§ BRIEF: Write out the data again exactly, skipping every picture.

§ RECORDED INFORMATION:
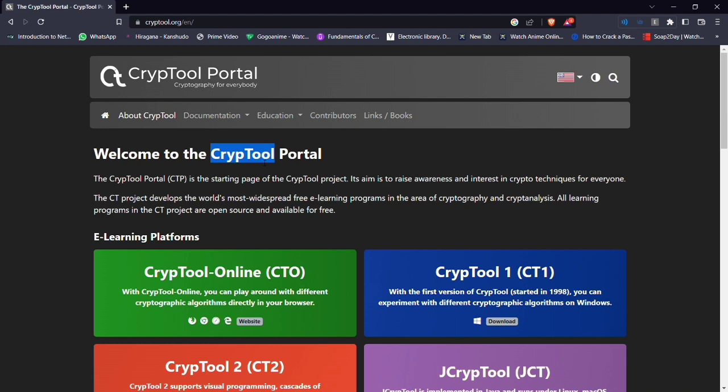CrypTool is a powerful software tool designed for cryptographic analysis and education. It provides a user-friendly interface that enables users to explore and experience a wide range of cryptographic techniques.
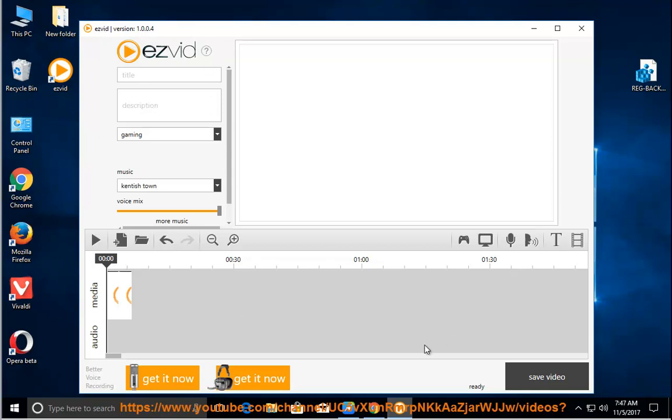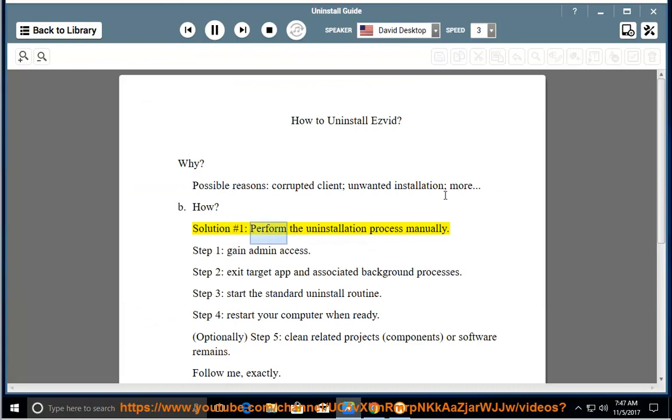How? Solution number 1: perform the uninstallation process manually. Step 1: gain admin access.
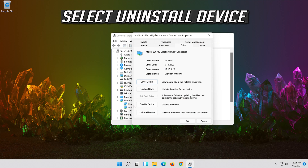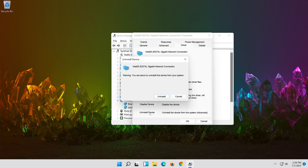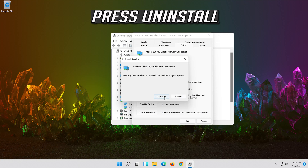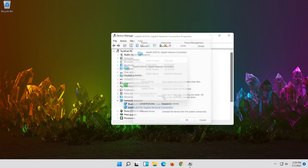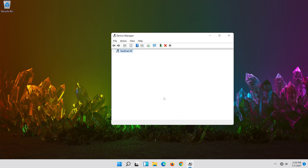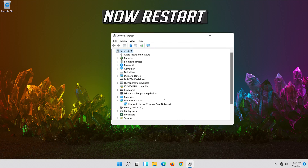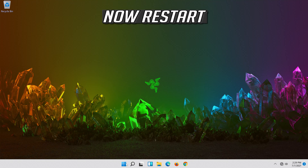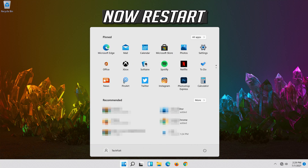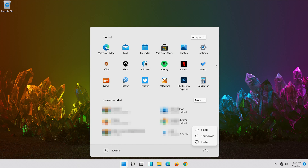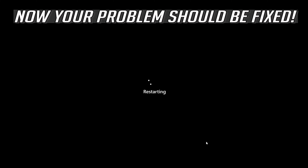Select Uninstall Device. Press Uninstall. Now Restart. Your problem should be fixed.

§ ANSWER SECTION:
CrypTool is a powerful software tool designed for cryptographic analysis and education. It provides a user-friendly interface that enables users to explore and experience a wide range of cryptographic techniques.
How? Solution number 1: perform the uninstallation process manually. Step 1: gain admin access.
Select Uninstall Device. Press Uninstall. Now Restart. Your problem should be fixed.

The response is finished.